We remember the first time we made and shipped 300 grams of MWCNT material from production assets that felt undersized for the task. We remember the first time we achieved continuous flow of molten Li₂CO₃ salt for ten hours straight — the culmination of nearly four years of work — with team members staying well past 1am to see the demonstration through. We remember the first time we demonstrated a fully continuous process concept, complete with smart robotics, and started to see concretely what a scaled plant would actually look like. Those moments were earned. They belong to the people who made them happen.
The science was sound. The engineering was real. And the market opportunity, when we started, was unmistakably there.
When SkyNano started, the economics of advanced carbon materials left meaningful room for a domestically competitive solution. We developed scalable technology with real engineering data, Life Cycle, and Technoeconomic Analysis to support a credible pathway that customers told us directly would change their business case and market competitiveness. We built a first-of-a-kind continuous pilot chemical plant which produced battery-grade synthetic graphite and high quality multi-walled carbon nanotubes. We pioneered a carbon conversion solution that permanently sequesters CO2 into the products and devices people already use. We were proud to be among the earliest teams to move this work out of academic laboratories and into the commercial world — and that field looks completely different today than it did nine years ago. Along the way, we were honored to be recognized with an R&D100 Award, Forbes 30 Under 30, the TechConnect Innovator Award, the Tennessee Governor’s Environmental Stewardship Award, the Innov865 Traction Award, and the Knoxville Chamber Women-Owned Business Excellence Award, and AETC’s Honorary Award for Significant Contribution to the Advanced Graphite & Carbon Industry.
The market landscape shifted in ways that made our path as an independent U.S. technology company no longer viable.
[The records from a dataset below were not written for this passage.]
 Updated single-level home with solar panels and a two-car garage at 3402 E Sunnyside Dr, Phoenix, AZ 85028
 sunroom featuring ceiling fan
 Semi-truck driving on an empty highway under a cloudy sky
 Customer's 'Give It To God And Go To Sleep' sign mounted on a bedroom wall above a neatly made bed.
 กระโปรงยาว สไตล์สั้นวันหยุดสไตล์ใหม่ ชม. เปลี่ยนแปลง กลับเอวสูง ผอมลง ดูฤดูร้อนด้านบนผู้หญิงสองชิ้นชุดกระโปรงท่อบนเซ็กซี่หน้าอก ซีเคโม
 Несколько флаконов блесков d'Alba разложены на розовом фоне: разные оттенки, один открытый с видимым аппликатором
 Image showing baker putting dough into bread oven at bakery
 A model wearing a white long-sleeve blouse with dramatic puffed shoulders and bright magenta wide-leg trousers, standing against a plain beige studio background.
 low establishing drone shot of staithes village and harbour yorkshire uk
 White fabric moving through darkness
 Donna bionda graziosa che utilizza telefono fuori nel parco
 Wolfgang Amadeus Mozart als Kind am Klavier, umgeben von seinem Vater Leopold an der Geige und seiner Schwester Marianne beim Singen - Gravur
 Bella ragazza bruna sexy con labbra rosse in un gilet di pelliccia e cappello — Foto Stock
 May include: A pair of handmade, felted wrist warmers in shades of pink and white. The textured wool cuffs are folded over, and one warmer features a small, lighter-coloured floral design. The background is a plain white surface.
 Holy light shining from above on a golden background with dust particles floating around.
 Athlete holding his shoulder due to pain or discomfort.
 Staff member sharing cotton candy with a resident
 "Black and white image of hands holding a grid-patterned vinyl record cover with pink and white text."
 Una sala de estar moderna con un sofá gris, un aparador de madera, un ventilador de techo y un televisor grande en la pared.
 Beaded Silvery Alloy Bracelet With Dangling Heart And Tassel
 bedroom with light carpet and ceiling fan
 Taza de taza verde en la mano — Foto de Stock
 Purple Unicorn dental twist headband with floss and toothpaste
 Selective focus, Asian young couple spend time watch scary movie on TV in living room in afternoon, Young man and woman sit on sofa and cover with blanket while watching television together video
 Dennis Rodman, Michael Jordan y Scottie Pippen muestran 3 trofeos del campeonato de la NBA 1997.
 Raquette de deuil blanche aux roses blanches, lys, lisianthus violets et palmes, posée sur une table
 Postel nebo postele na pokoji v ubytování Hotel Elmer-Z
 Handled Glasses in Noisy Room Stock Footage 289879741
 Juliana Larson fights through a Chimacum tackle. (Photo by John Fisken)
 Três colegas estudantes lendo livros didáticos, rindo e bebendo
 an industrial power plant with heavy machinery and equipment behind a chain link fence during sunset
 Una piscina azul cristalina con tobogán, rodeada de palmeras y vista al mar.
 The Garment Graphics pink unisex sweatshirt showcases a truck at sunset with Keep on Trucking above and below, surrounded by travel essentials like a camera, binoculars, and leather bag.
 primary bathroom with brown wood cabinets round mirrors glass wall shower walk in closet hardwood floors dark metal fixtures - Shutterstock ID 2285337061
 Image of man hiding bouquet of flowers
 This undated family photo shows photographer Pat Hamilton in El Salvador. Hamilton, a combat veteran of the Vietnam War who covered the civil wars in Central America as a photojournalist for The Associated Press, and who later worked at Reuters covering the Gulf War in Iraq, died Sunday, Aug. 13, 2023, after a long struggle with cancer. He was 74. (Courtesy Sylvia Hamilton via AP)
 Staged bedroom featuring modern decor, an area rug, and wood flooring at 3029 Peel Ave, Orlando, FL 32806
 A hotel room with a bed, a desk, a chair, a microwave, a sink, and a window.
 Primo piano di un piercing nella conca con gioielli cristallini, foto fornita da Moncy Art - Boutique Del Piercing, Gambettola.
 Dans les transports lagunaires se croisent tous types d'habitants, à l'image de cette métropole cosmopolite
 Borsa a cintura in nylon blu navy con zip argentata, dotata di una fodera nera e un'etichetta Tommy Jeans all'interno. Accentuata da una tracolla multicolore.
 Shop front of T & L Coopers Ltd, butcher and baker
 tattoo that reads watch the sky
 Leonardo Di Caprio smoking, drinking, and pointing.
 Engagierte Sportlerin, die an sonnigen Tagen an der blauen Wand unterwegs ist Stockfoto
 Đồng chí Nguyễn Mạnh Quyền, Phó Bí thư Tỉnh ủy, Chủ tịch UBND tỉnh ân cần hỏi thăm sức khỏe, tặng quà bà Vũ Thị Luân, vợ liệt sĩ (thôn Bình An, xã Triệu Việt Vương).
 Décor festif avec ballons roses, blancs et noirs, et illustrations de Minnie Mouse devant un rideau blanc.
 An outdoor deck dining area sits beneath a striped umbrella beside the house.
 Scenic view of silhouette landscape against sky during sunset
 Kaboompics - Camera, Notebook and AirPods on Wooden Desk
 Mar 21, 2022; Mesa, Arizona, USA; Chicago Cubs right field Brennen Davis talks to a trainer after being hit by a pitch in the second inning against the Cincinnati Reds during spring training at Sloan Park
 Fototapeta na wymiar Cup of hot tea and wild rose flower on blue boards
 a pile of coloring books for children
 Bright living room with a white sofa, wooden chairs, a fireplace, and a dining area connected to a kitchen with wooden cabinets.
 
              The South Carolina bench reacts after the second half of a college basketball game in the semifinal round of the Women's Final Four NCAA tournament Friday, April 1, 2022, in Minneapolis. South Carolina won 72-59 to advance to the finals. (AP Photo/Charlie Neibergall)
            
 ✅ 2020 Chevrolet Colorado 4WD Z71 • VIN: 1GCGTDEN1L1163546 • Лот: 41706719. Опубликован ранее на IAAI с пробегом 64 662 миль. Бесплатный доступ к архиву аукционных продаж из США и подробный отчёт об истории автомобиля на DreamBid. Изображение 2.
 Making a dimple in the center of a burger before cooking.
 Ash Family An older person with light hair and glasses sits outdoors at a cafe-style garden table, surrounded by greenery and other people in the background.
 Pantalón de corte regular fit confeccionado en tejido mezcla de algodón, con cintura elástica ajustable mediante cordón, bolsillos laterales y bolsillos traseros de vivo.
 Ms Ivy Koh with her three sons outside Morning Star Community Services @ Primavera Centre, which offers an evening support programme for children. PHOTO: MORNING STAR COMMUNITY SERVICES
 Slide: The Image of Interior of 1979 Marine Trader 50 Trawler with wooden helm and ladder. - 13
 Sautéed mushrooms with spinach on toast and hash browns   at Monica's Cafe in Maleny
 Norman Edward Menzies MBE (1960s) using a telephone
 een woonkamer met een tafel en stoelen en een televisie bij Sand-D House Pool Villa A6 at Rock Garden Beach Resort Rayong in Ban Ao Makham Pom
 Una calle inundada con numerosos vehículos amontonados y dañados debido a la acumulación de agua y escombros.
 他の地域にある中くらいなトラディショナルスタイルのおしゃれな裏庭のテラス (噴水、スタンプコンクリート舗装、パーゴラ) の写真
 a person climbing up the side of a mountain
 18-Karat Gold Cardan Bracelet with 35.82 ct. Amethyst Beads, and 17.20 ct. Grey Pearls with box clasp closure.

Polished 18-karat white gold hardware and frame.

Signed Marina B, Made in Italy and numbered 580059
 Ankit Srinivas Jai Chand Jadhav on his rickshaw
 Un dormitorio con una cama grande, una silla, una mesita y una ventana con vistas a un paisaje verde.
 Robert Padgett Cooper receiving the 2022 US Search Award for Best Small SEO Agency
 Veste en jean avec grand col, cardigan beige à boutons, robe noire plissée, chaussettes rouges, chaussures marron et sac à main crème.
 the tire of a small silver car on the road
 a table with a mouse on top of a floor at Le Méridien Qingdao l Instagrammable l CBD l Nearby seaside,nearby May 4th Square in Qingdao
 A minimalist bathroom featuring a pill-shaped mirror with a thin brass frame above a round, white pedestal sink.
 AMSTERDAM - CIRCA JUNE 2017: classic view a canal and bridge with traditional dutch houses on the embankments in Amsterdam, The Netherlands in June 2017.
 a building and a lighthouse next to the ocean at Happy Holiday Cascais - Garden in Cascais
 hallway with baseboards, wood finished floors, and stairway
Chinese-produced MWCNTs have fallen more than 80% in price since we began — a dramatic move that fundamentally changed the competitive picture. At the same time, domestic demand for these materials has not developed the way earlier projections suggested, including in battery manufacturing, where a robust U.S. supply chain has been slower to emerge than many anticipated. The result is a market we could not compete in as a standalone company, and we chose to face that reality squarely rather than wait for circumstances to decide for us.
None of this was possible without an extraordinary ecosystem of partners and supporters. We’re especially grateful to our federal sponsors, UTK, TVA, Endeavor, Eonix, Innovation Crossroads, LaunchTN, Spark Innovation Center, the City of Knoxville, Vanderbilt, ORNL, and AETC — organizations that believed in this mission and worked alongside us through it. To every scientist, engineer, and team member who gave their talent and uprooted their lives for SkyNano: what you built was real, and it will continue to matter.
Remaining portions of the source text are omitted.